|Everyone in Appleton knows baseball. It’s the home of the minor-league Timber Rattlers. It’s also the home town of Major League batting champion Rosario (Rosie) Romano. Rosie didn’t stay in New York after he retired, either. “Nope,” said Gunther Hilt at his barber shop, full of folks on a warm Saturday morning and not one of them there for a haircut. “Came right home, he did.”
Out at City Park, the Little League diamond sits on a hill, overlooking the duck pond. Today, the Yanks were playing the D’backs, and the Yanks’ leading hitter, Brandon Romano, son of the Major League batting champion, was in a slide, 0 for 8 in his last two games. He was slumped at the end of the bench. Everyone stayed away.
Rosie Romano climbed down from the bleachers, entered the Yanks’ dugout, and said quietly to the manager, “Mind if I talk to him, Fitz?” Fitz Conner gestured with an open palm to the end of the bench. Rosie sat next to his son. “I’ve noticed you’ve been extending your elbows,” he said.

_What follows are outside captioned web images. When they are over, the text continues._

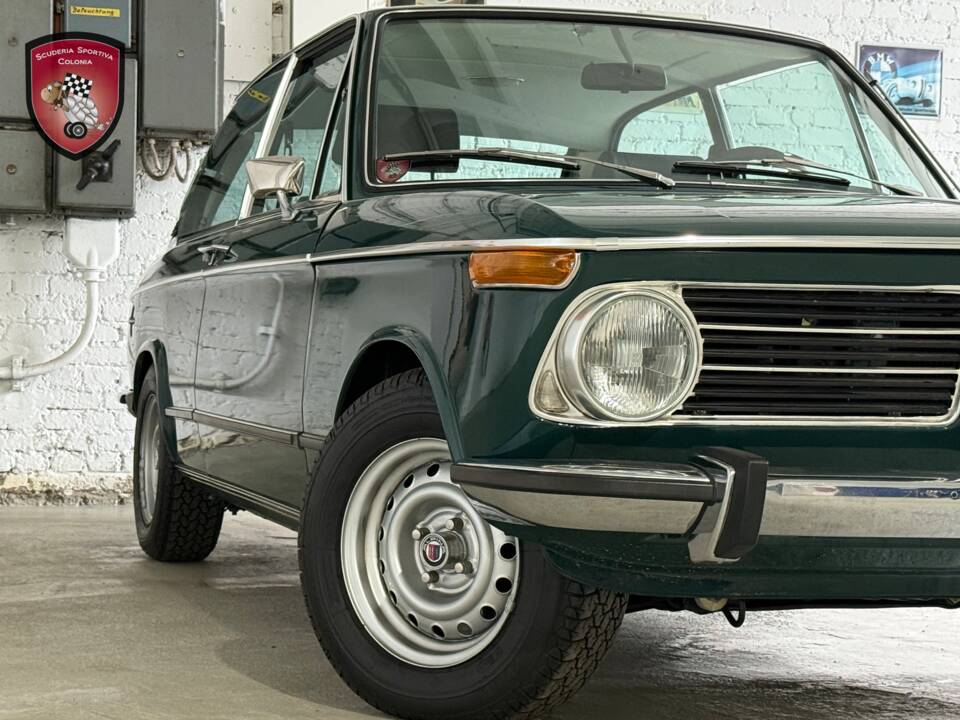 Immagine 60/89 di BMW 2002 tii Touring (1973)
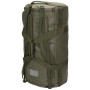 Sac de voyage Warg Transit Duffel 90L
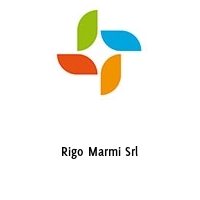 Logo Rigo Marmi Srl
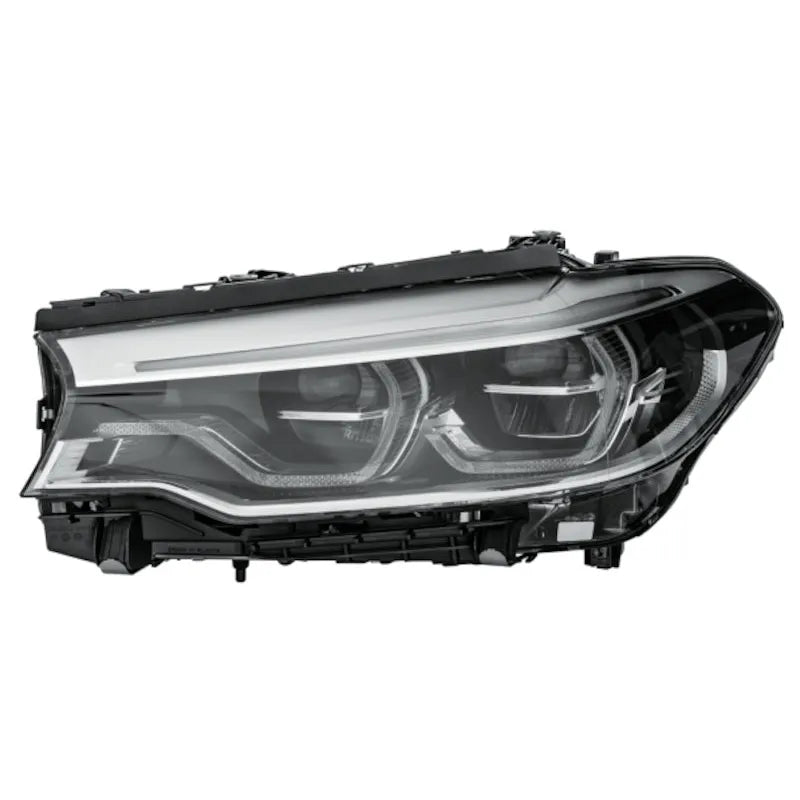 Hella 5 Series G30/G31 Headlight Assembly | BMW (16-24) (354836151)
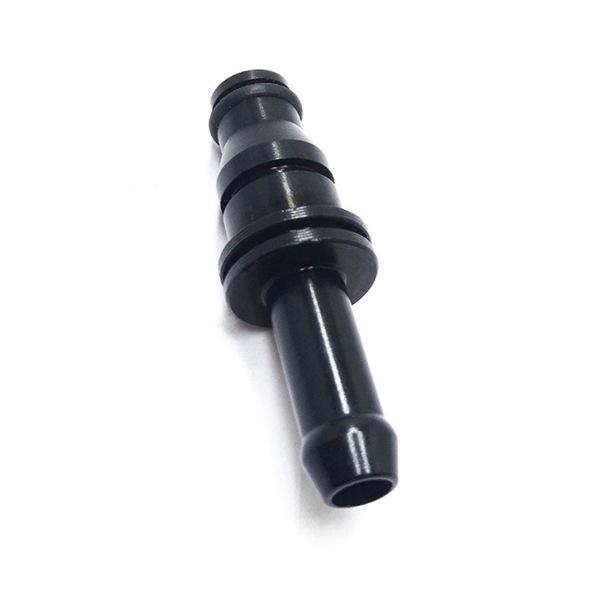 100 pcs A0039970689 Coolant Hose Connector for 02-05 Mercedes-Benz C230 S63 Expansion Tank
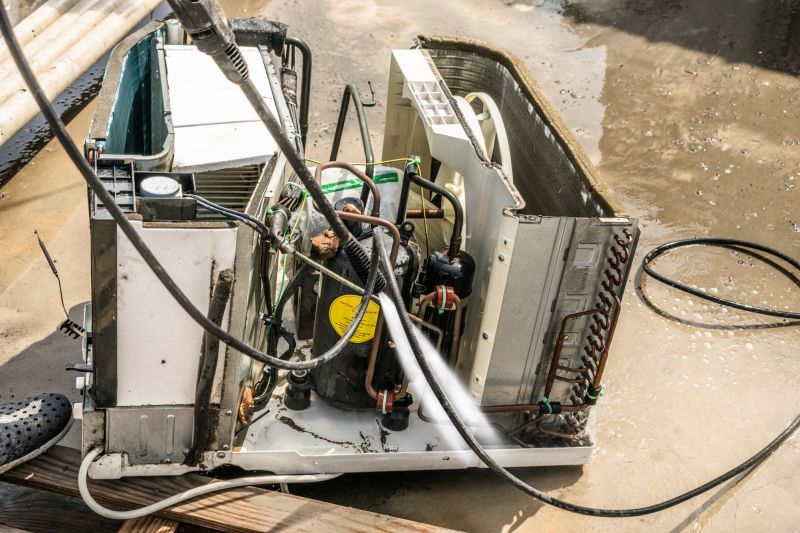 Outdoor Equipment Assembly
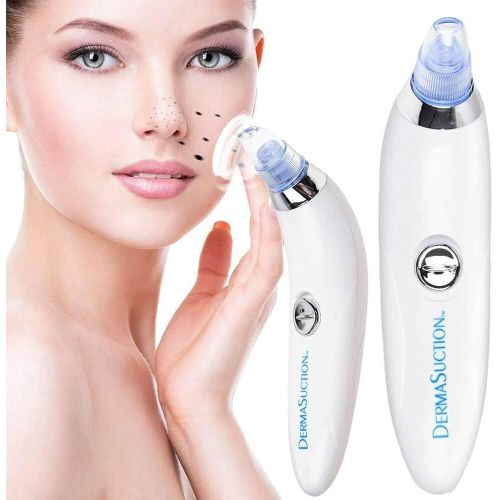 Generic DERMA SUNCTION PORE CLEANING DEVICE Skin Cleaner, Pimple Removal Tool - image 2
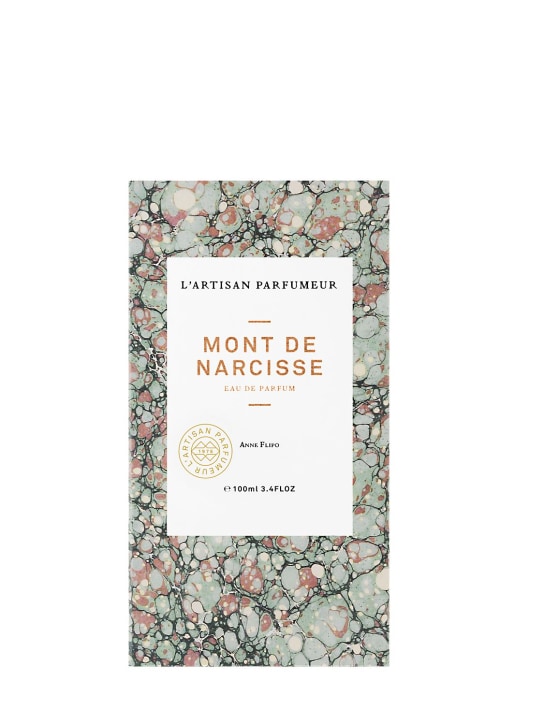 LuisaViaRoma L'artisan ParfumeurEau De Parfum Mont De Narcisse 100ml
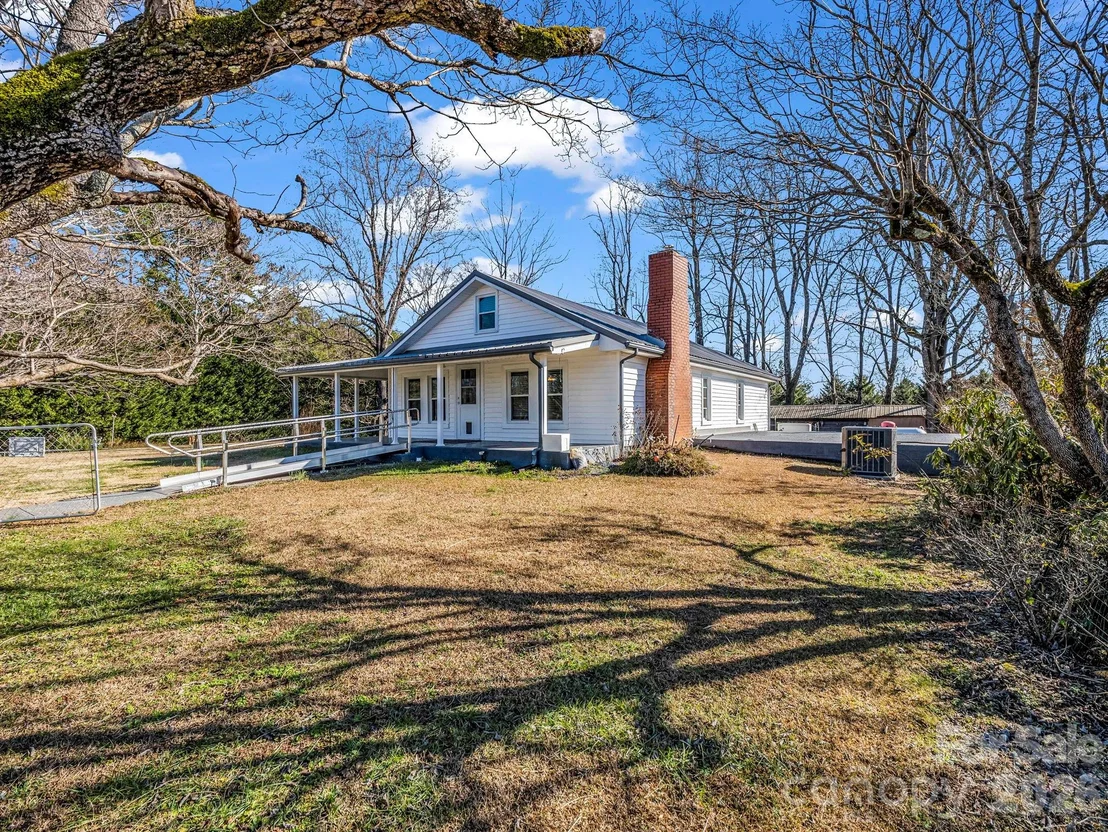 Photo of 620 Smith Waldrop Road
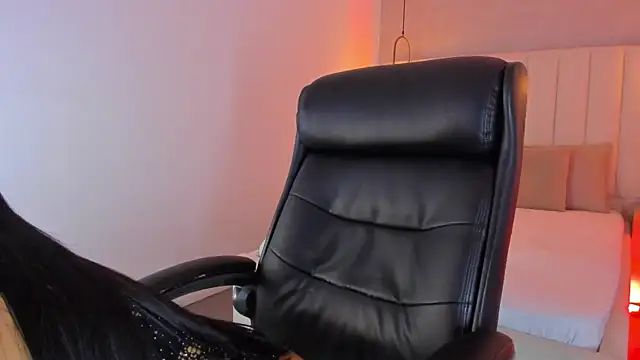 kosmic Angel online show from March 2025 12:12:02 PM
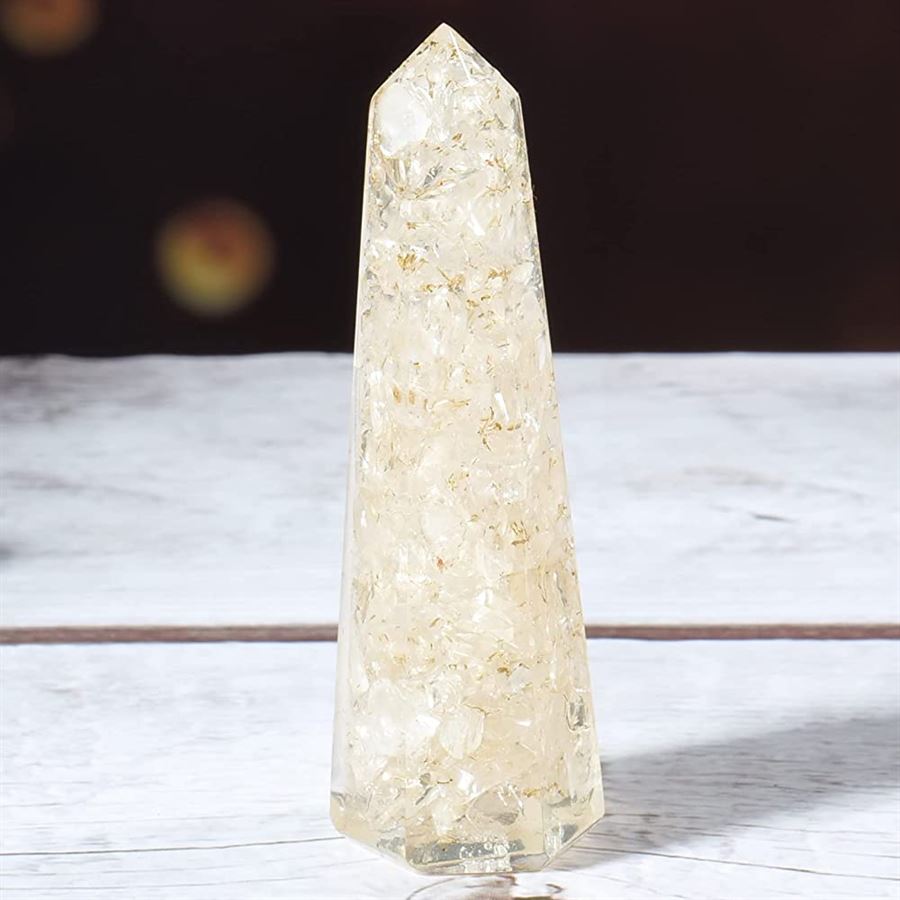 orgonite-massage-wand-faceted-clear-quartz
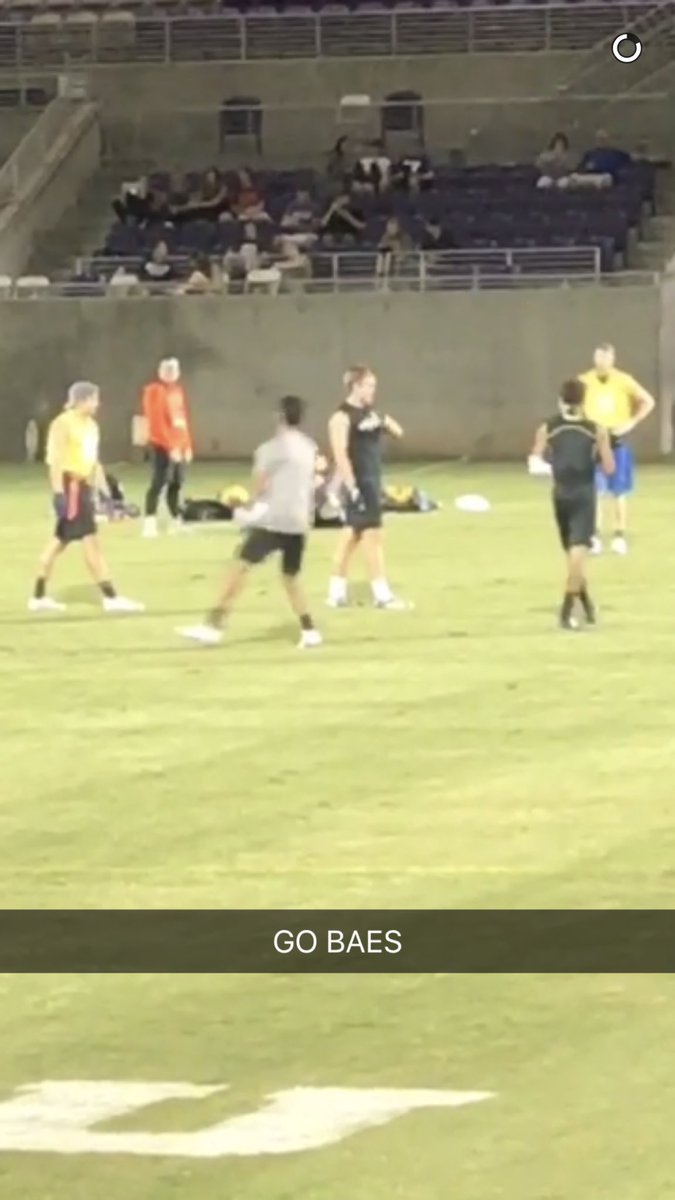 LopesCashFB's tweet photo. Sites and sounds as LCU captures the Championship 🔥🔥🔥 https://t.co/hkGZ4tNW7T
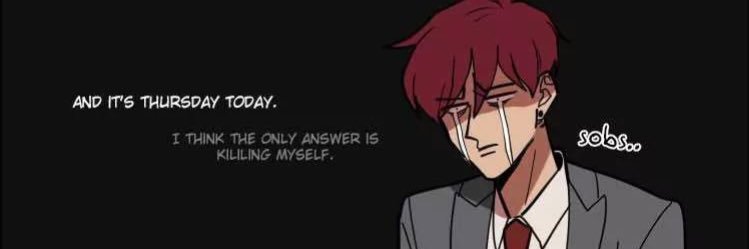 lani be lowkey depressed banner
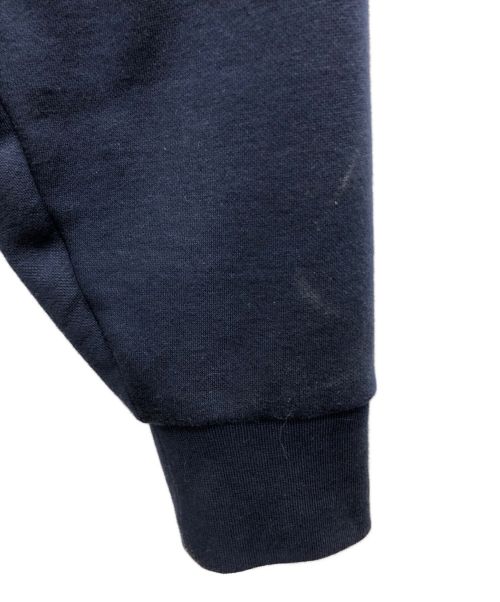 POLO RALPH LAUREN（ポロ・ラルフローレン）POLO RALPH LAUREN (ポロ・ラルフローレン) プルオーバーパーカー ネイビー サイズ:Lの古着・服飾アイテム
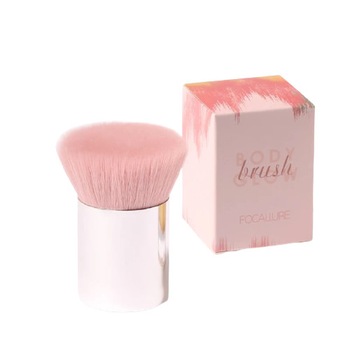 Pensula iluminator corp, Focallure, Body Glow Brush Pensula iluminator corp, Focallure, Body Glow Brush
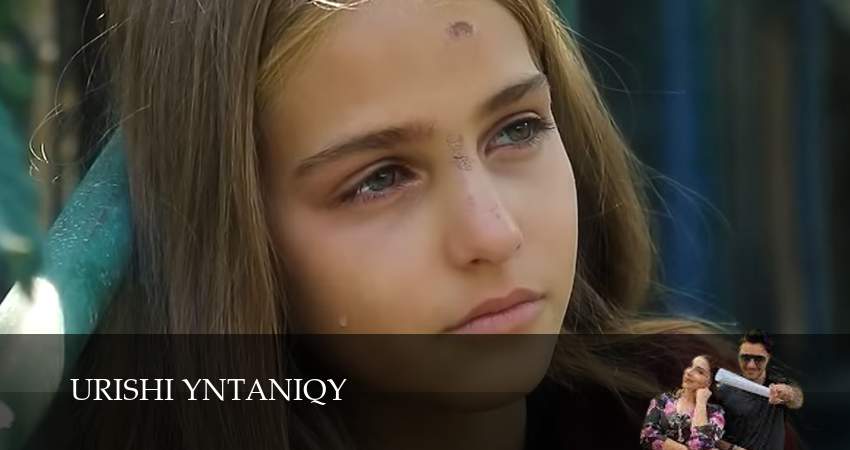 Сериал Urishi Yntaniqy (1 сезон, 2025) смотреть онлайн без рекламы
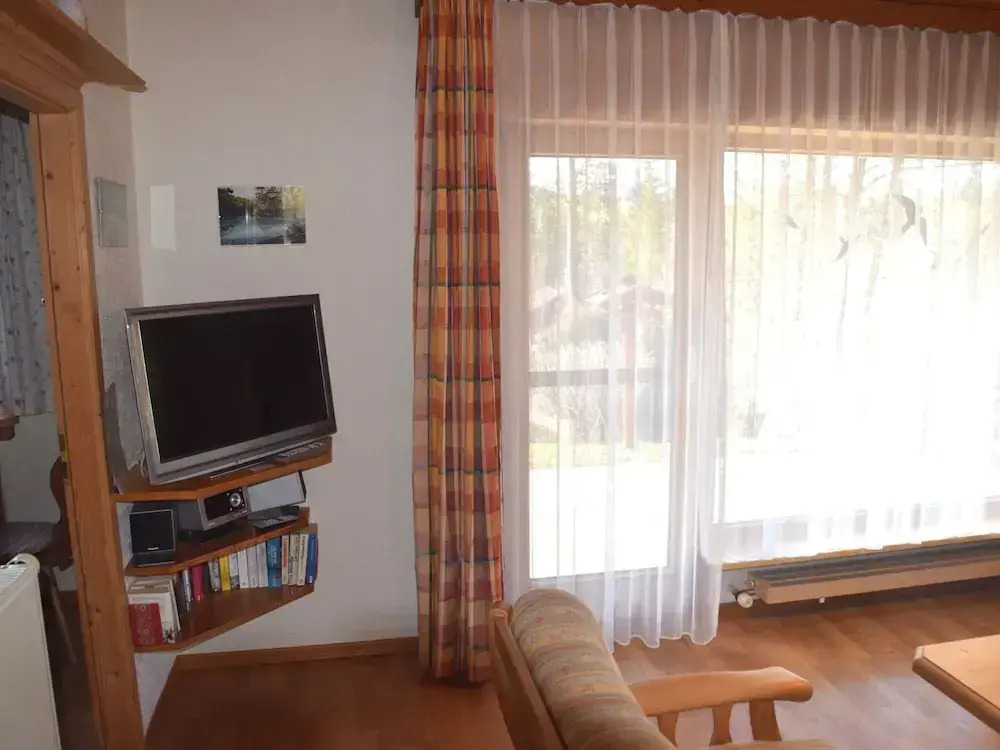 Comfort With Garden Views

Brandon glared at his father. “Nobody asked for your opinion,” he shot back.
“That’s true,” said Rosie, and returned to the bleachers.
At his next at-bat, last chance for the Yanks, down by a run, two out and a man on, Brandon dug his elbows into his waist and sent the next pitch, a low curve, flying almost out to the duck pond.
Brandon was mobbed at the plate by his teammates. They flowed into the dugout, a torrent of delirium. Waves of outstretched pounding palms forced Brandon’s head down, but he twisted around toward the bleachers, pushed his hand up, and touched the bill of his helmet. In the stands, the Major League batting champion knew who it was for.